一人はレオポルドの夫人アイラの伯父サイド・オンドル・アリ伯領議会議員。彼は伯領議会発足までレオポルドの下で徴税部門を監督していたことがある。カルマン族が戦乱に巻き込まれるまでファディに商会を持ち、貿易業を手掛けてきた経歴を持っており、ムールドのみならず南部一帯の経済に明るい。
サイドの隣に座るアルマド・タヒル・ルスタム財務顧問官はサルザン族の族長ラハリ・ブリ・ルスタム大佐の従兄弟で、塩の町において長く財政関係の職務を務めた経歴を持つ。
二人は流暢な帝国語を話し、財務や経済に通じているばかりかムールドを含む南部の経済事情に詳しい為、レオポルドの財政顧問の一員であった。
「まずは債務整理についてですが」
レンターケットが言う通り、債務整理は最優先に取りかからなければならない事案の一つである。
辺境伯の債務にはある問題があった。莫大な金額であるということは勿論であるが、不統一に乱発されていることが大きな問題であった。

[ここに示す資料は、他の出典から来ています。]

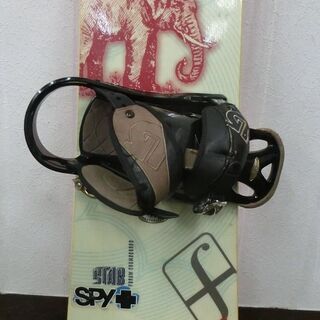 ◆お引取り限定/三重県◆ 中古 スノーボード ビンディング付き 147㎝ Aの画像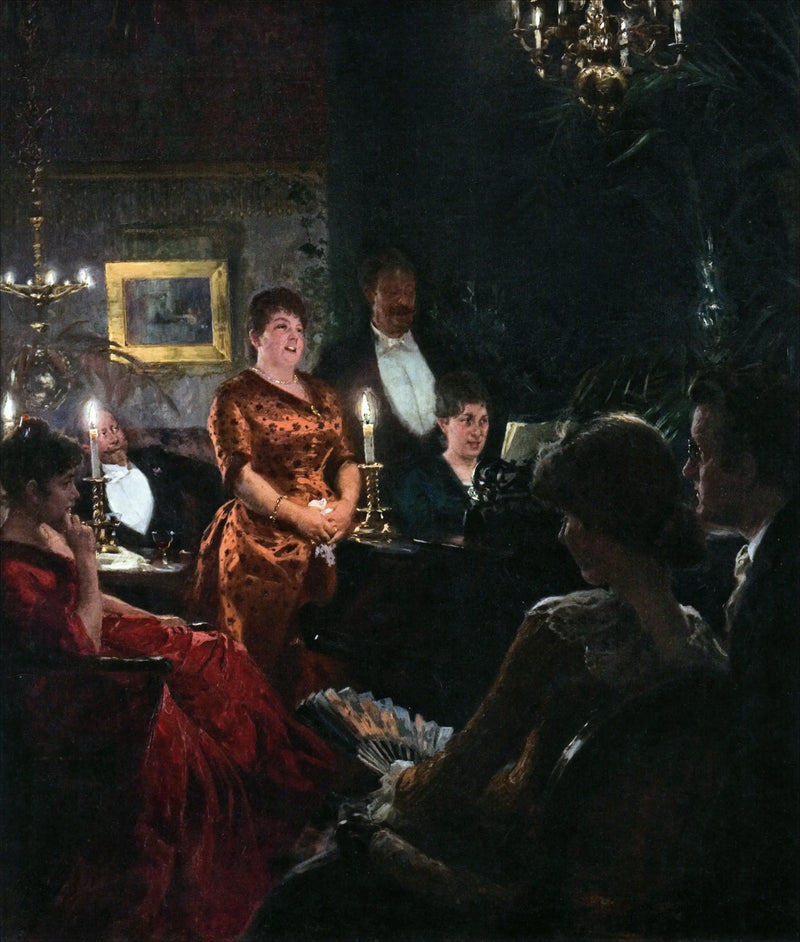 Un dúo - Peder Severin Krøyer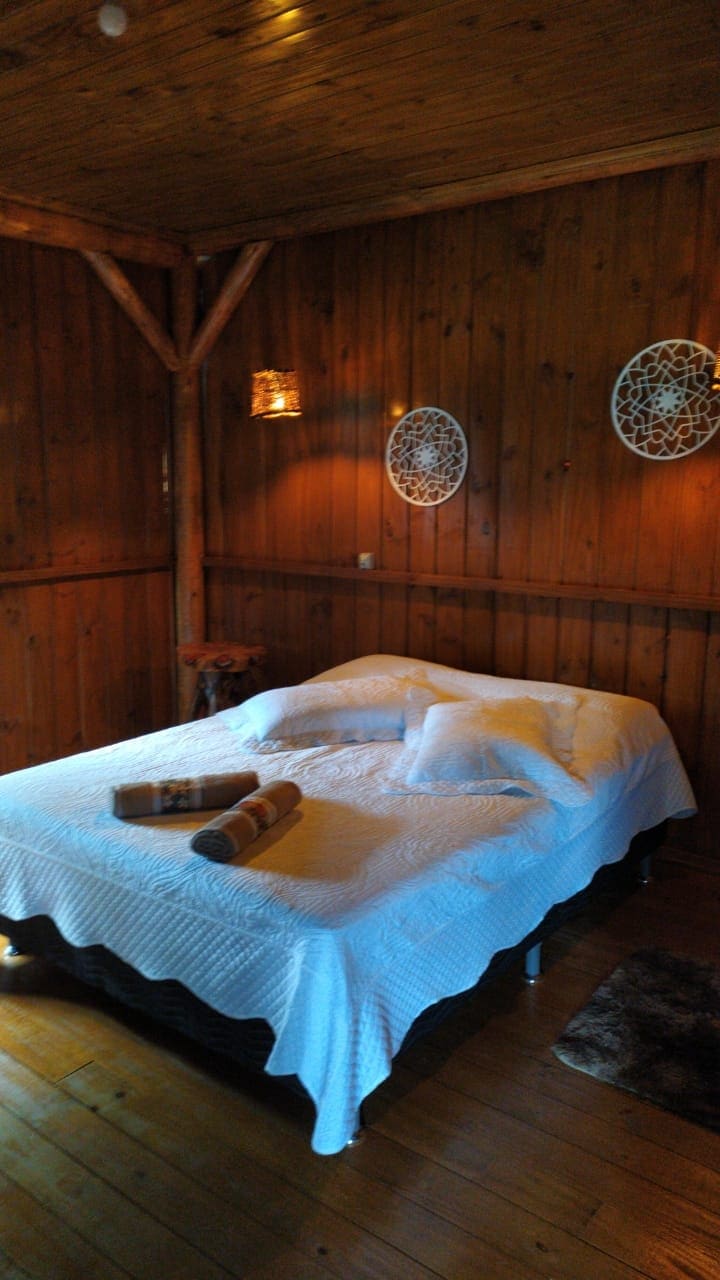 Double bedroom at the top.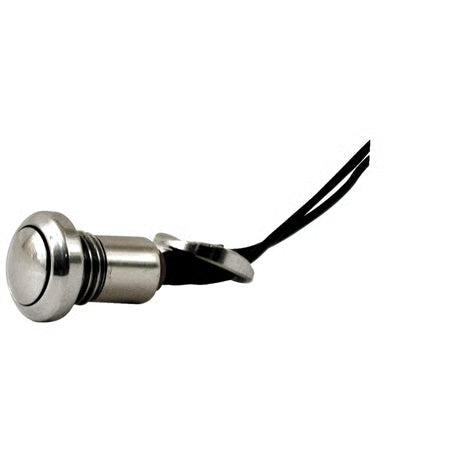 Smooth push button switch. Polished stainless Item No: 508631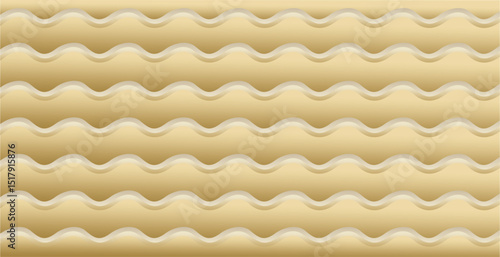 repeating curved lines in golden brown with a gradient background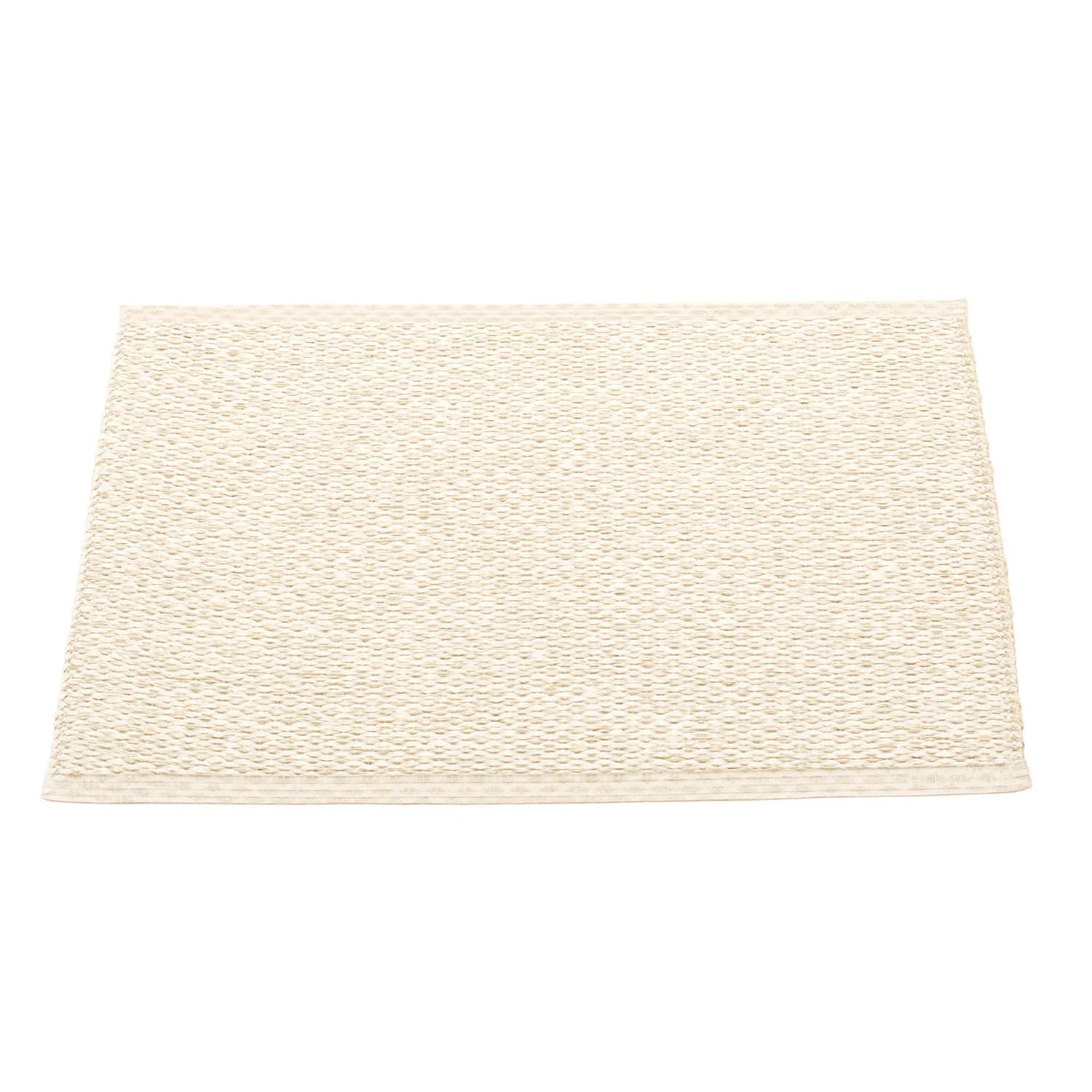 Pappelina, Svea Teppich 70x50 cm champagne metallic / vanilla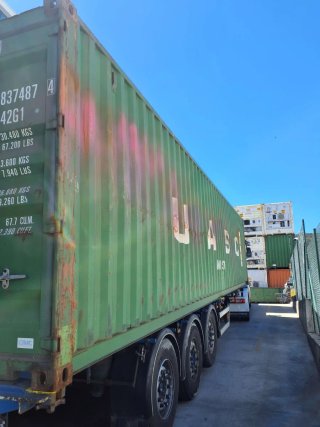 SOLO 20 UNIDADES - Contenedor Marítimo 40DV Usado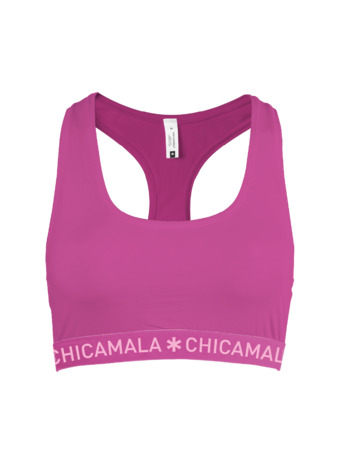 Dames 1-pack racer back effen Purple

辺境伯及びその政府の借金方法は予算が不足した時に金を融通してくれる者からその時々の交渉によって借り入れを行うという行き当たりばったりなもので、債務の金額も利率も返済時期も条件もバラバラであった。
これでは返済計画を立てる際の大きな支障となり、返済に係る事務も極めて煩雑となる。
そもそも、フェルゲンハイム家が抱える債務はいずれも高利で返済時期も短期であった。これは王侯の債権は彼らが恣意的に債権放棄したり、後継者が債権の継承を放棄したりして、返済不能に陥ることが度々あった為である。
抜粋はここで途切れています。